A nearly 70-year-old and one of the most influential house churches in Fujian Province ceased to function on May 31; the church’s pastor heavily fined.
Located in Xiamen city of southeast China’s Fujian Province, Xunsiding Church was a well-known and popular house church founded in 1950. On May 19, the Ethnic and Religious Affairs Bureau of Xiamen city’s Siming district issued an administrative penalty notice to shut down the church.
Xunsiding Church came under intense government’s attacks last year when the church’s pastor, Yang Xibo, signed A Joint Statement by Pastors: A Declaration for the Sake of the Christian Faith, condemning the CCP’s persecution of house churches. On December 14, Pastor Yang was detained when he went to Chengdu to visit the persecuted Christians of Early Rain Covenant Church and was escorted home the next day by four officials from the Xiamen’s Ethnic and Religious Affairs Bureau. Since then, the pastor has been closely monitored and forbidden from leaving Xiamen.
According to a ChinaAid report, the church faced persecution even earlier, when on May 18, 2018, authorities ordered to close down the kindergarten it runs. On January 14, the church was raided again, and the kindergarten was demolished on the grounds that its “facilities posed a hidden safety hazard.”
On May 11, officials from the Ethnic and Religious Affairs Bureau, Public Security Bureau, neighborhood committee, and other government institutions summoned Mr. Yang for a meeting and threatened him that Xunsiding Church would face the same fate as Beijing’s Shouwang Church and Chengdu’s Early Rain Covenant Church – two large and well-known churches that were shut down last year. They ordered him to stop holding gatherings and dissolve the church because it violated the new Regulations on Religious Affairs.
Mr. Yang didn’t compromise. “Until the present day, the CCP has raided our home 13 times. I’m prepared to be arrested,” he reportedly said during one of his sermons,
During the days of May 12-19, the harassment of the church and its congregation intensified even more. The authorities acquired the believers’ personal information using the facial recognition cameras that had been installed at the entrance to the church and ordered the neighborhood committees in the communities where those believers reside to visit and persuade them to sign statements promising not to attend any more gatherings at Xunsiding Church.

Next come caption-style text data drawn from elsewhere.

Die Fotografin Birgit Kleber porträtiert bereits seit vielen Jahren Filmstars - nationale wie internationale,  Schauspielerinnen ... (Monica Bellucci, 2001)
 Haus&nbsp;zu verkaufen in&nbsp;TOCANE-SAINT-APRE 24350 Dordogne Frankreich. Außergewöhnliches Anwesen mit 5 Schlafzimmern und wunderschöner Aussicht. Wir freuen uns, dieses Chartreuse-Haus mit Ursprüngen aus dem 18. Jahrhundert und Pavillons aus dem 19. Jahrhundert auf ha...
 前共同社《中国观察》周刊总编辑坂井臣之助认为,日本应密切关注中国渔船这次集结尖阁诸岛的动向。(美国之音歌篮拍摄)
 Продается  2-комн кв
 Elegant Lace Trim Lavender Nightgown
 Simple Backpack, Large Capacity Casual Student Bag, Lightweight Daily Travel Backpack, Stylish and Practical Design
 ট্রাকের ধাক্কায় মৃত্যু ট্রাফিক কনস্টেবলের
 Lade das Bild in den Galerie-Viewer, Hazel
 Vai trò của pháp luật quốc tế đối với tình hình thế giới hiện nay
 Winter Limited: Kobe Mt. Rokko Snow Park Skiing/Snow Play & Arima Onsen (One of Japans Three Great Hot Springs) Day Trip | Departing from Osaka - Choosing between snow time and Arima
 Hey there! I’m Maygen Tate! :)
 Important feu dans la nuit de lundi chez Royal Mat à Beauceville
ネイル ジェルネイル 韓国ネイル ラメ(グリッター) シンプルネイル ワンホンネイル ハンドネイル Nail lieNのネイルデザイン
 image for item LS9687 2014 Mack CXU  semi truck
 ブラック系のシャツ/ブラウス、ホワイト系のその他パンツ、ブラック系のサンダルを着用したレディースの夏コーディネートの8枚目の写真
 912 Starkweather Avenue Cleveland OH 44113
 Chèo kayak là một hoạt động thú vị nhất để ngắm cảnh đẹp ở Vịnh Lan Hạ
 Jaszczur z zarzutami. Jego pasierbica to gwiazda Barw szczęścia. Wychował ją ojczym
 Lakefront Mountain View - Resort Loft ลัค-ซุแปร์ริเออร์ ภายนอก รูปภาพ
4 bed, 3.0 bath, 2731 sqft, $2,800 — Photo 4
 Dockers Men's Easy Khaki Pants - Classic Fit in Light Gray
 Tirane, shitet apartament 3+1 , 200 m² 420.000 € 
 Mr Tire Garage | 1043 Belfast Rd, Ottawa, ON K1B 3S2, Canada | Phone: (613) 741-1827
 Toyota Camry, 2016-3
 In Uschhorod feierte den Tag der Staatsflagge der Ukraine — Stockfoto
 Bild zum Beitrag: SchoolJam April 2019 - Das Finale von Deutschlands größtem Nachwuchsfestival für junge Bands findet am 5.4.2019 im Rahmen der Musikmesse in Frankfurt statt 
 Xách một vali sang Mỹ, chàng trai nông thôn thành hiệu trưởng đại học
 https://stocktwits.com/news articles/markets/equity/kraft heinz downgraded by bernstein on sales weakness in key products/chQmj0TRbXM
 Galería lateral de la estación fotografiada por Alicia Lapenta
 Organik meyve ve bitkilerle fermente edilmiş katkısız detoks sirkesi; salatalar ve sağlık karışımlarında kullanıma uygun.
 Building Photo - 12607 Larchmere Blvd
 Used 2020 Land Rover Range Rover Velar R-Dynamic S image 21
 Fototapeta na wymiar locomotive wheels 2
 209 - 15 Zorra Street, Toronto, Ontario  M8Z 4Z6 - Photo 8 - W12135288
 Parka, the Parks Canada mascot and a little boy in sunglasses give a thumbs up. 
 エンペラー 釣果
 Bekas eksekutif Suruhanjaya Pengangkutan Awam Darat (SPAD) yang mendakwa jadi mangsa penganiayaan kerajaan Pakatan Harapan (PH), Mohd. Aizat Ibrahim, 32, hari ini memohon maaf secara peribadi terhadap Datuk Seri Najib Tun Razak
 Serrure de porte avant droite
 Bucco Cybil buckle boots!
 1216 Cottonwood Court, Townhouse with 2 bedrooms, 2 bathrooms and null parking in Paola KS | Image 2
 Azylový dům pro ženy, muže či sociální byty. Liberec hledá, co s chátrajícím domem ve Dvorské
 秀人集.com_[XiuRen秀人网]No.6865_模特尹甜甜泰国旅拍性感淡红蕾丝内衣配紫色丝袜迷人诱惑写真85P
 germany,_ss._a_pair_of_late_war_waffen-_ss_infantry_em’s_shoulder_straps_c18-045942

One believer recalled, “There were neighborhood committee officials, as well as regular police and auxiliary officers. Two SWAT police officers keep guard at the entrance. Everyone’s ID information was registered.”
Some believers were even pressured by the leaders of their work units. One congregation member told Bitter Winter that on May 15, a leader from his work unit used threats to coerce him into signing the statement. “If I didn’t sign it, all of my relatives who work for government departments would be implicated and would lose their jobs,” the believer revealed. “I had no choice but to sign the statement.”
On May 19, the Ethnic and Religious Affairs Bureau of Xiamen’s Siming district issued an Administrative Penalty Notice, stating that Yang Xibo is suspected of violating the new Regulations on Religious Affairs for establishing a Xunsiding Church without authorization. The church was ordered to be shut down, and Yang Xibo was fined 25,000 RMB (about $ 3,600).
Yang Xibo filed an appeal the next day, requesting the Ethnic and Religious Affairs Bureau to hold a hearing, which was organized at 10 a.m. on May 31, but the church’s appeal was rejected, and the decision to shut down the church was sustained. That evening, police officers surrounded the church and prohibited anyone from entering.
According to a local Christian, Xiamen authorities are planning to shut down all house churches within two years, and since Xunsiding Church was quite influential in the area, it became one of the primary targets for closure. He also revealed that other house churches in Xiamen, such as Living Springs Church, Haifu Church, Jimei Church, and Olive Mount Church, all came under government’s attacks last month. The Jimei Church was ordered to stop holding gatherings before May 31.